▶ _Data to examine_
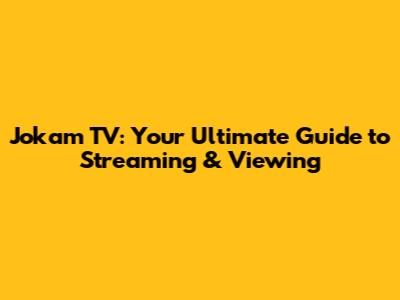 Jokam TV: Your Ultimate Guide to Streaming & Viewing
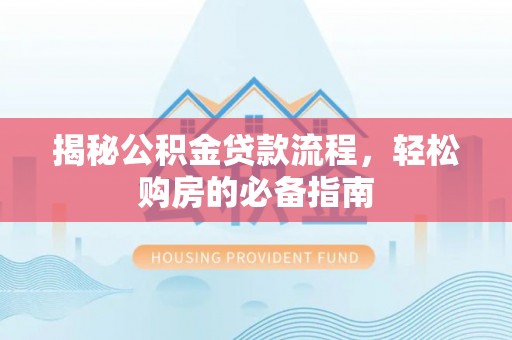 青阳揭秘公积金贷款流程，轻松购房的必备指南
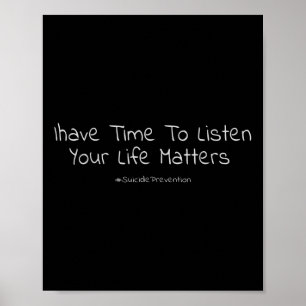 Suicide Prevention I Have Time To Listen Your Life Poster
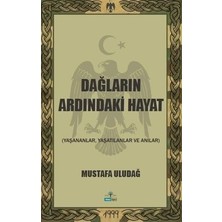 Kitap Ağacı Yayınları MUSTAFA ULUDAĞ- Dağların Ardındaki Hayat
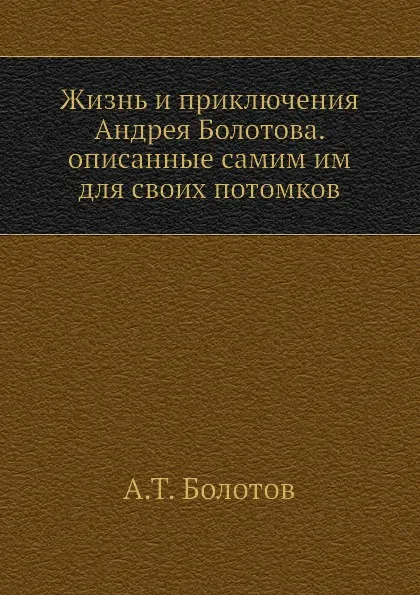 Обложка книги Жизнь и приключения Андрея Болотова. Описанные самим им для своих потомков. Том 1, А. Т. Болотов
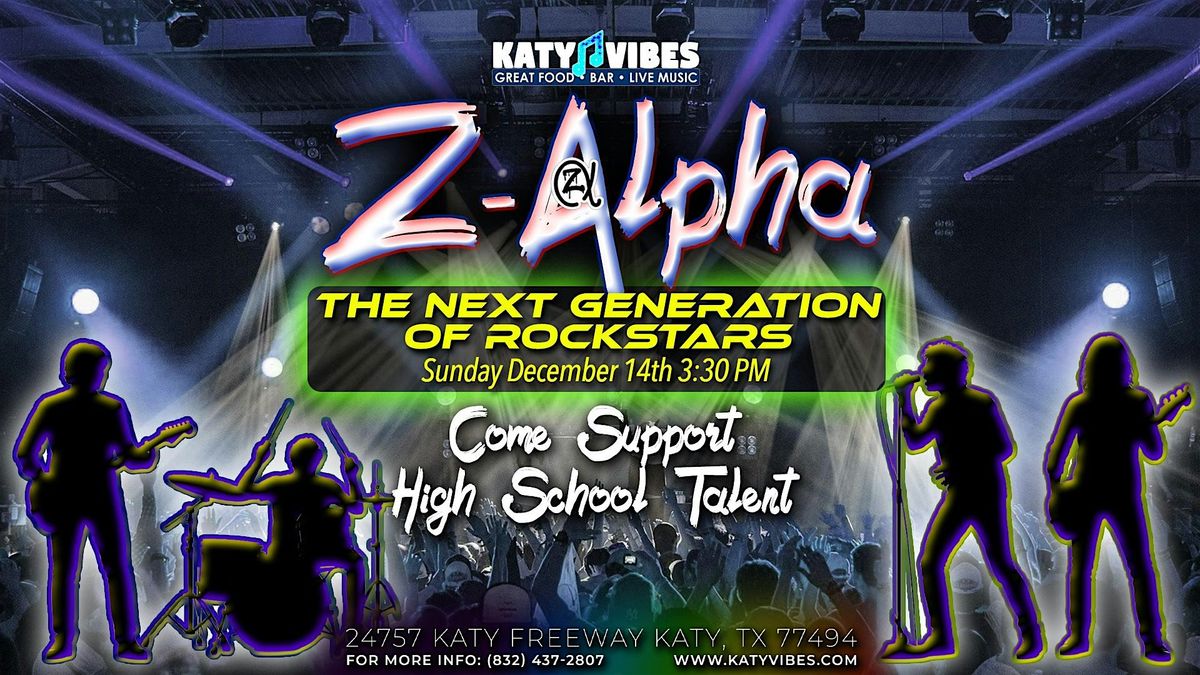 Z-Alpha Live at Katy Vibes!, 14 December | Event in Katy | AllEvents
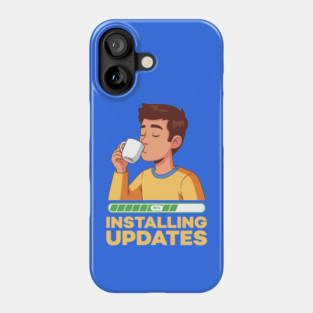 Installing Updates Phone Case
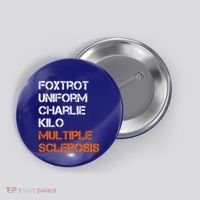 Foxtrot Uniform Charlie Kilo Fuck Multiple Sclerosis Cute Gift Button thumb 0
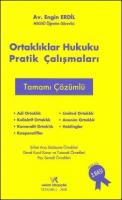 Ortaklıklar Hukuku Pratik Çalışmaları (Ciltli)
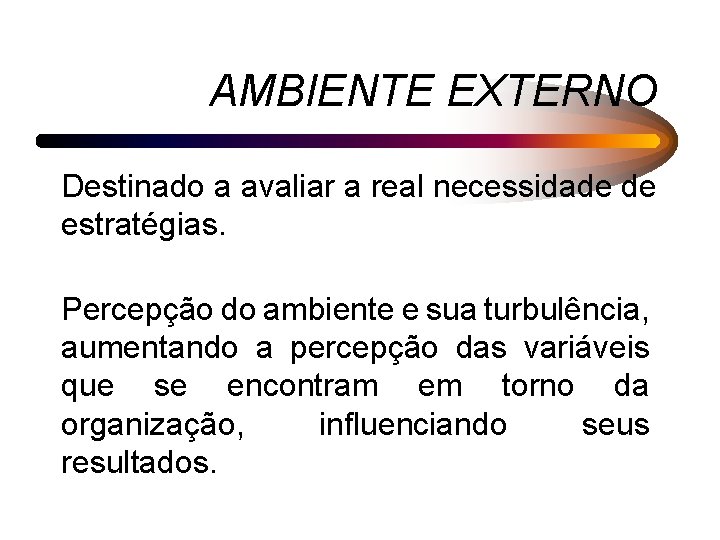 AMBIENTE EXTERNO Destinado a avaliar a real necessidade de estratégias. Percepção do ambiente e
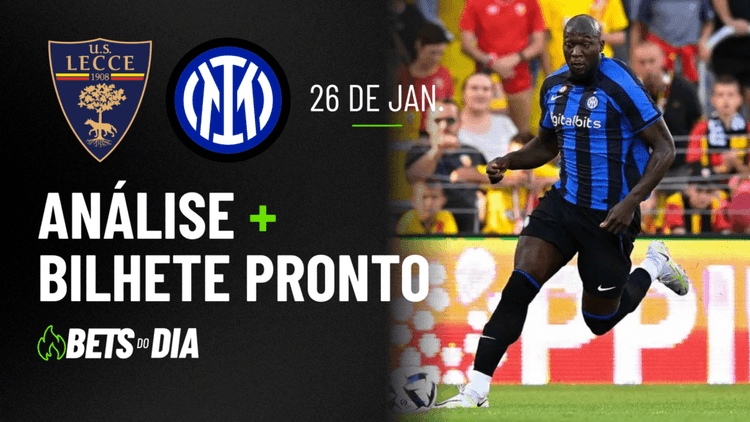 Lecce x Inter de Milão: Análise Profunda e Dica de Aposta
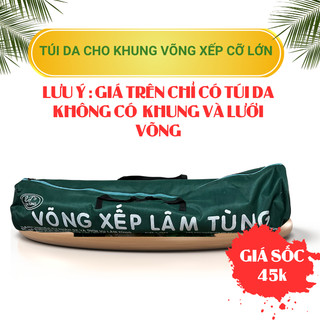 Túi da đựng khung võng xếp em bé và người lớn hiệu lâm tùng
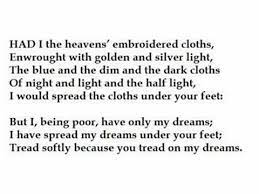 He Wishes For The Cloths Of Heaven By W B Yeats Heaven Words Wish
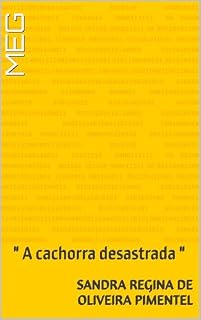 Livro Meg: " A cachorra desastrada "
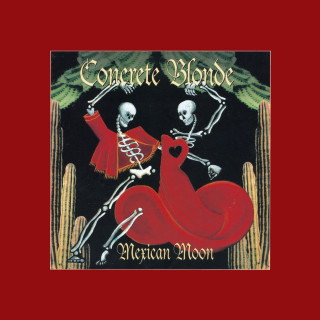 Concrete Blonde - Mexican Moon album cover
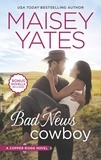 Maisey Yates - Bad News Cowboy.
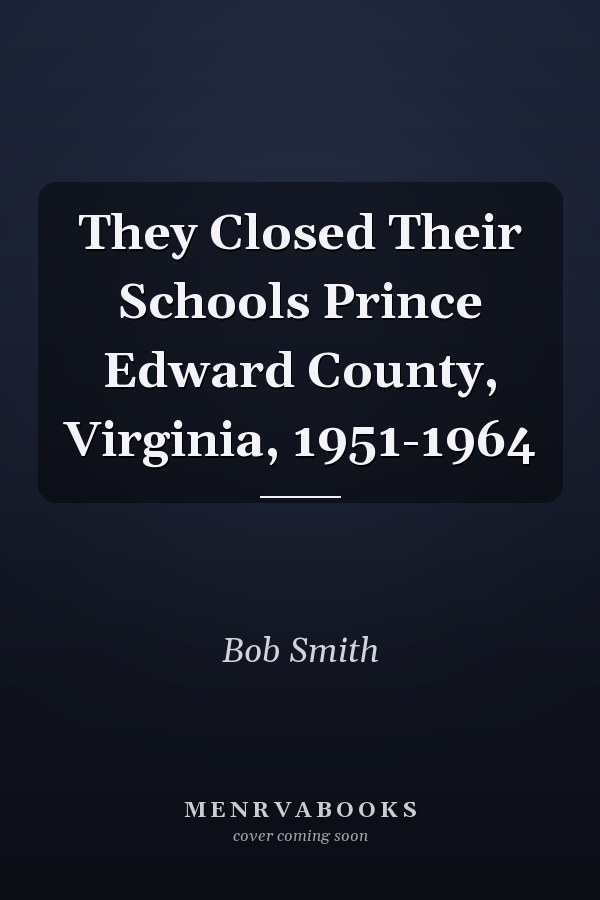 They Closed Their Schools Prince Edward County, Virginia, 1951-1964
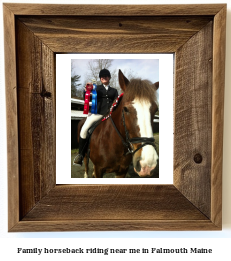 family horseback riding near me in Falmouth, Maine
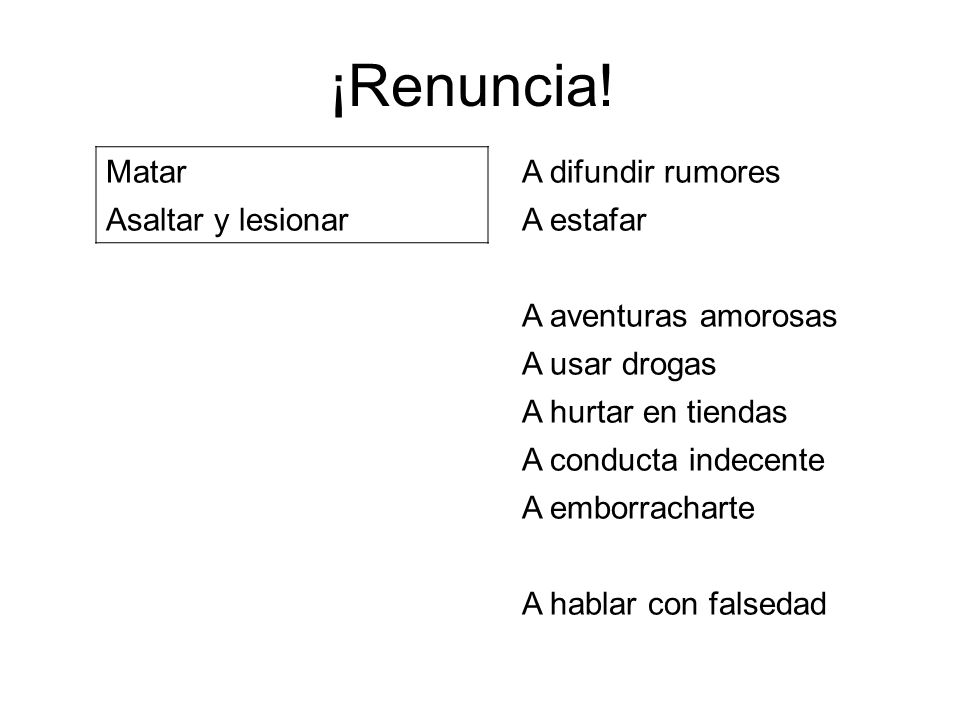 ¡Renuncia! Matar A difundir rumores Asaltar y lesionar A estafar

--

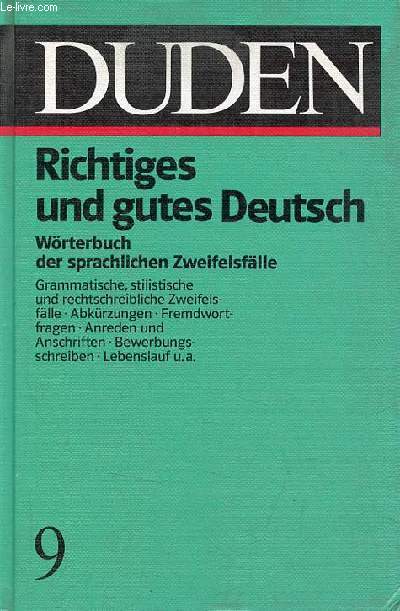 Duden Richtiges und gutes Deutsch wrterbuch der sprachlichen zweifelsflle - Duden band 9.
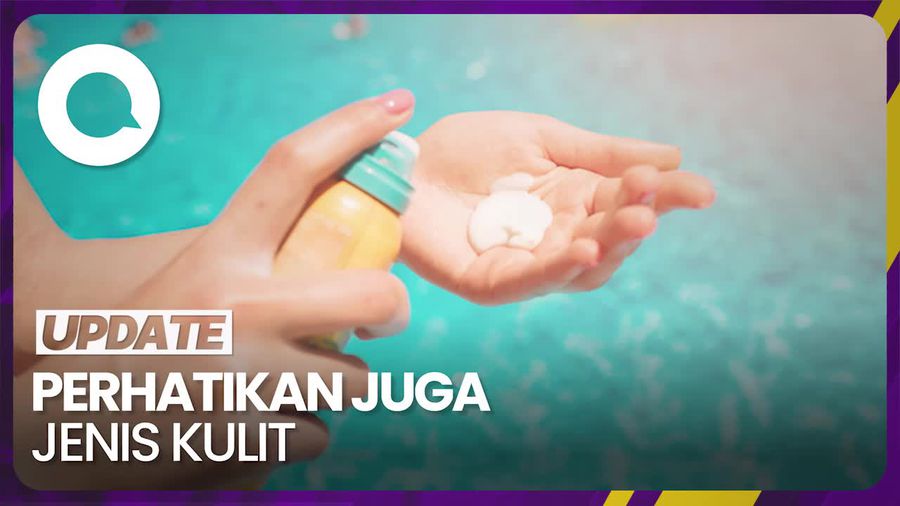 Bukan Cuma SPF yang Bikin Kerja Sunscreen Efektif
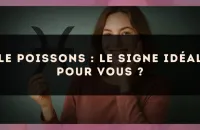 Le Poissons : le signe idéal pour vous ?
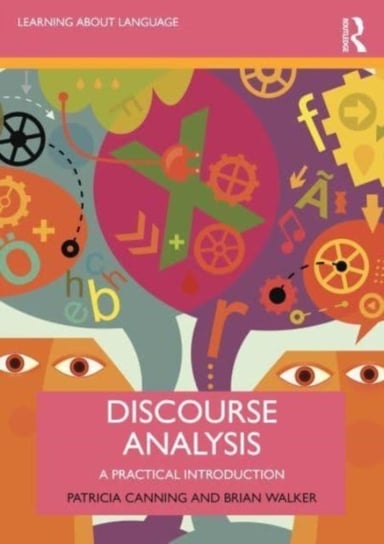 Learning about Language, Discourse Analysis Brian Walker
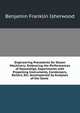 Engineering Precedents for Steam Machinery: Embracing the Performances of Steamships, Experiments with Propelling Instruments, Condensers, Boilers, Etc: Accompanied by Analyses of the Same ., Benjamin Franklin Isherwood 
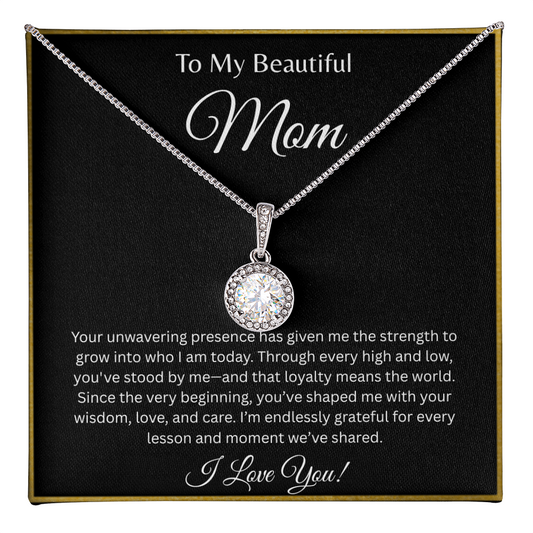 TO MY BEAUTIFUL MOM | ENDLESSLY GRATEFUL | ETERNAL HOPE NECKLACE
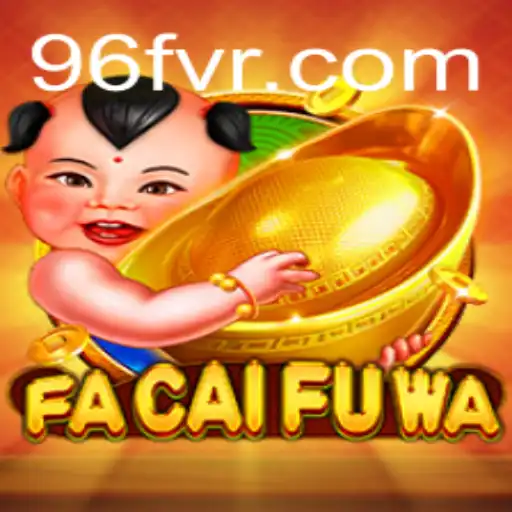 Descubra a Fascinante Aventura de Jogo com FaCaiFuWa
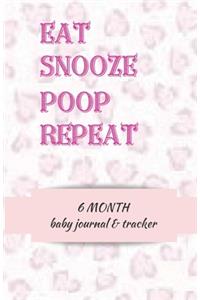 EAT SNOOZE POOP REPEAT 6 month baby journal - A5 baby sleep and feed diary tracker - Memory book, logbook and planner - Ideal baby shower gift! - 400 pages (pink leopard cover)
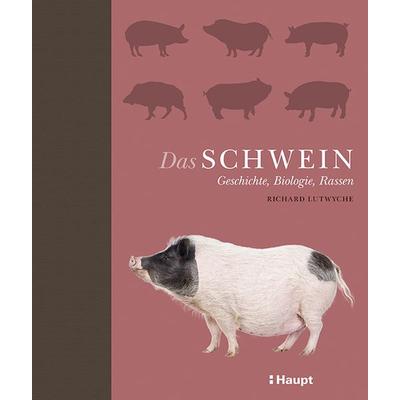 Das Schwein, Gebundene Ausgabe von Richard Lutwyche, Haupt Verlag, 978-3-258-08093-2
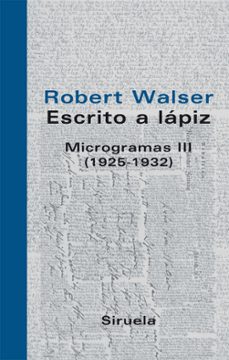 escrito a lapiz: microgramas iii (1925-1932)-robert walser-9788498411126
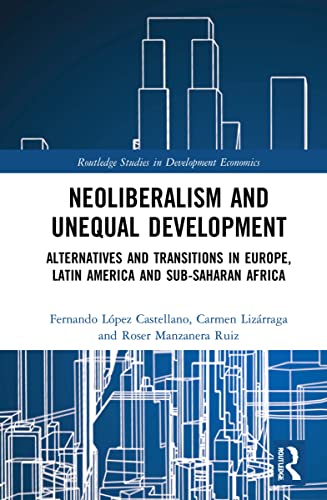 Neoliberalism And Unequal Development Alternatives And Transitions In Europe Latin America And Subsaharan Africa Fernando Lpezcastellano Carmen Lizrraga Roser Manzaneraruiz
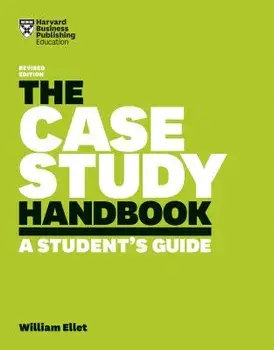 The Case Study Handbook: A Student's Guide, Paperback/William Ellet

▶ _What is being asked_
In the records above, find the line with "Bukan Cuma SPF" and the line with "Engineering Precedents for". Write out exactly those lines and every one between, with no pictures and no other lines.

▶ _Exercise solution_
 Bukan Cuma SPF yang Bikin Kerja Sunscreen Efektif
 Le Poissons : le signe idéal pour vous ?
 Learning about Language, Discourse Analysis Brian Walker
 Engineering Precedents for Steam Machinery: Embracing the Performances of Steamships, Experiments with Propelling Instruments, Condensers, Boilers, Etc: Accompanied by Analyses of the Same ., Benjamin Franklin Isherwood 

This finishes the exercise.